That said, if the store page grossly understates those requirements, feel free to report. Games get updates & patches all the time so having a game of nominally 100 GB take 112 GB, yeah that can happen. But if the game reports using 20 GB and then takes 100 GB to be played, that would be grounds for reporting.
https://store.steampowered.com/app/1402320/Medal_of_Honor_Above_and_Beyond/
Developers create and manage their games, not Valve. Some games take up more space than others, there's not some arbitrary size limit that needs to be enforced.
If you don't like large games, don't buy large games. If you have insufficient space and don't meet the requirements for games then you'll have to upgrade. Valve doesn't exist to project your beliefs, values, or hangups onto developers. Nor do they exist to control system requirements so people with crummy systems can play any game.
Valve serves so many games, tens of thousands of titles, and they take up so much space that another 100-300GB for the next game hardly matters. It's a drop in the bucket.
Steam doesn't have a reason to block anyone just because of file size.
Why should Valve be concerned with the install space a game takes? It's up to the user to ensure they have the hardware to be able to play the game.
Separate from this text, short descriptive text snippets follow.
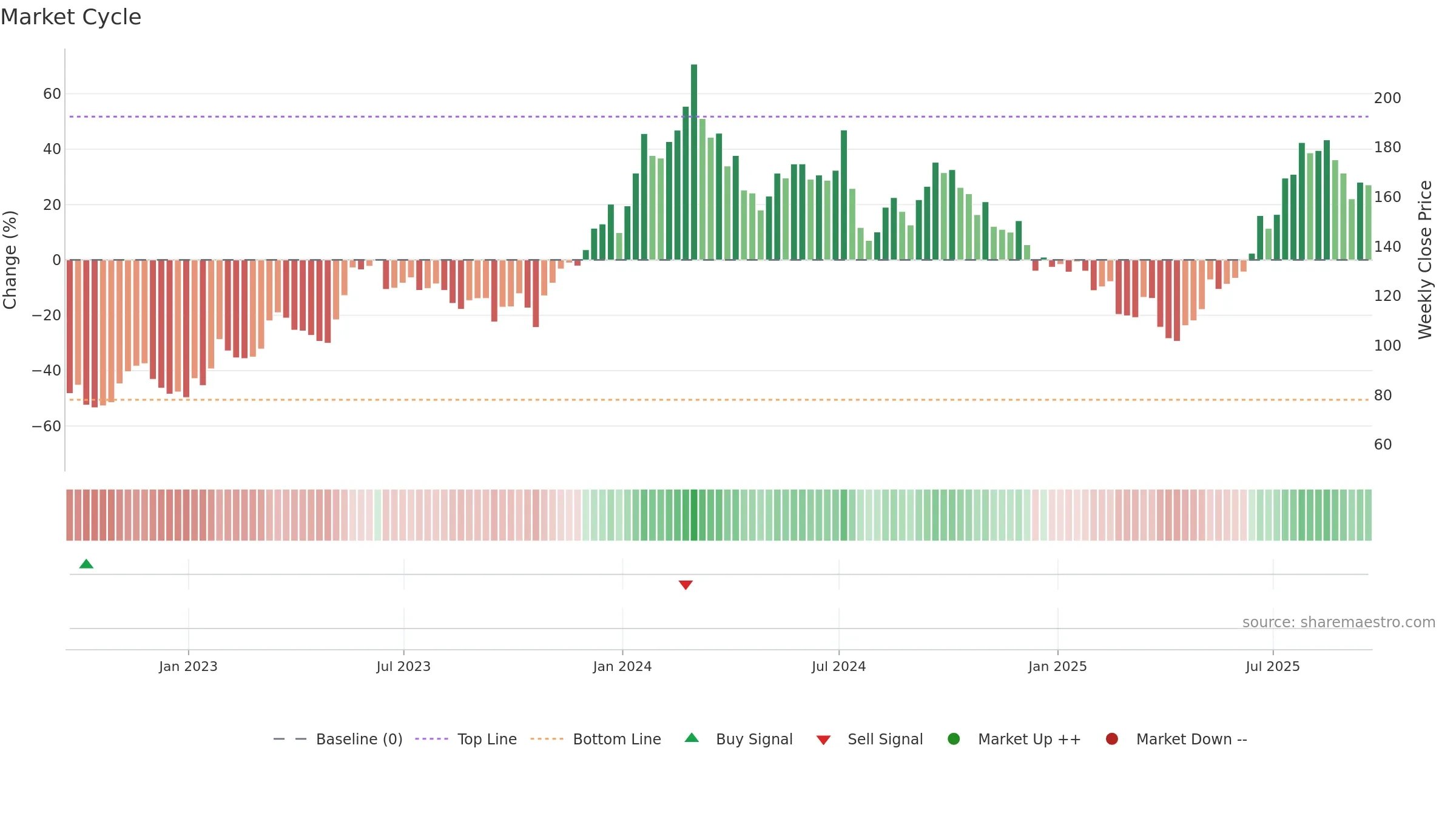 AMD weekly Market Cycle chart, closing 2025-09-19.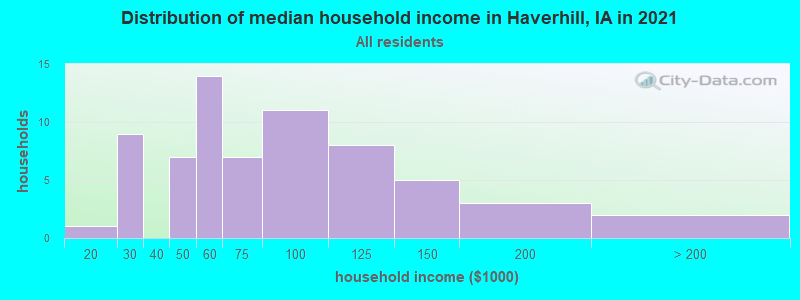 Distribution of median household income in Haverhill, IA in 2022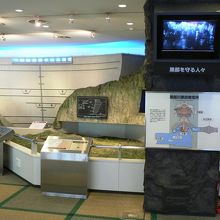 黒部川電気記念館の展示
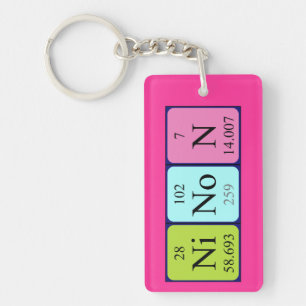 Ninon periodic table name keyring
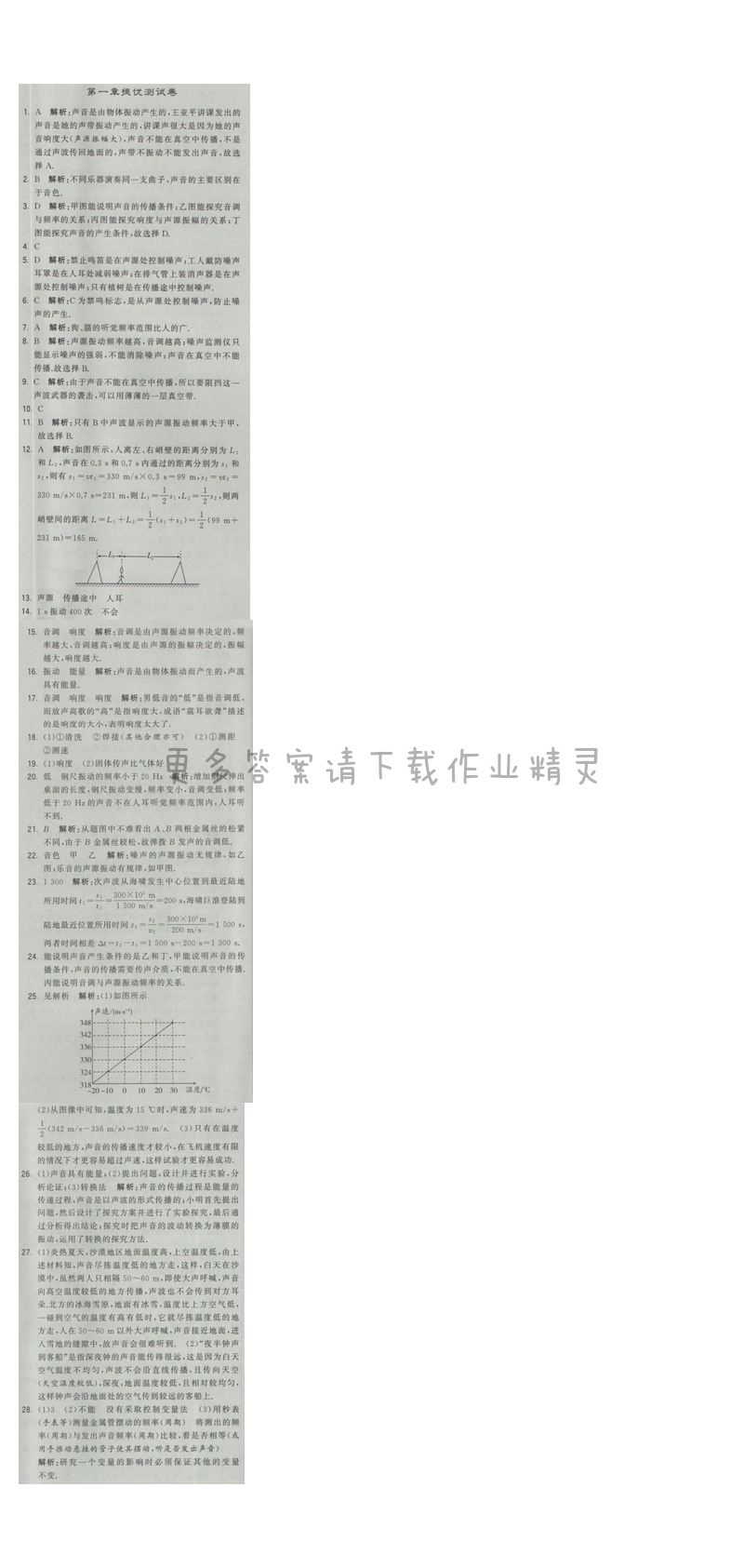 2016年经纶学典学霸八年级物理上册江苏版 第一章 提优测试卷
In 2020 we reached a price of less than $1.00 per Gigabyte of storage (on average). Quick example my Seagate Barracudas with 4TB of storage each cost about $70 nowadays which would make a total of $1.25 per GB and they even have horsepowers that are totally irrelevant to gaming. If I want to double that amount I am sitting at $140 for 8TB which is still a laughable amount assuming that the average Gaming-PC setup notes at $1000. Besides on pre-built machines storage usually comes way cheaper than listed.
Hopefully doing everything from the ground up again will make things different as they did get themselves into a huge pickle last time. Tiny updates that could've been made server-side were being burdened locally on the user where they'd have to download a 30gb rewrite just to play the game all because of a couple of gun stat changes for instance. If Sony and Microsoft were authorising the calamitous patching like that then don't expect Valve to do anything even if it was partially in their remit. We just gotta hope that if the game does come to Steam that it's executed in better fashion architecturally and in terms of upkeep.
Not sure what the issue is.
Files are compressed for transfer. ARK: Survival Evolved is about 240 GB download and takes almost 300 GB of space after download.
Games are not typically compressed on your local drive.
Valve allows any size of game. They have no reason to restrict it and the system requirements are clearly stated on the game's store page. Game sizes will simply continue to go up in size due to graphics, physics, length and many other aspects of games, especially in the "AAA" gaming space, where users tend to demand such improvements.
If you like example tell me which game, and I tell you if there a fix for it. This isn't new thing, this been known for years via Steam, AND GoG, kind of the point of community driven to fix things.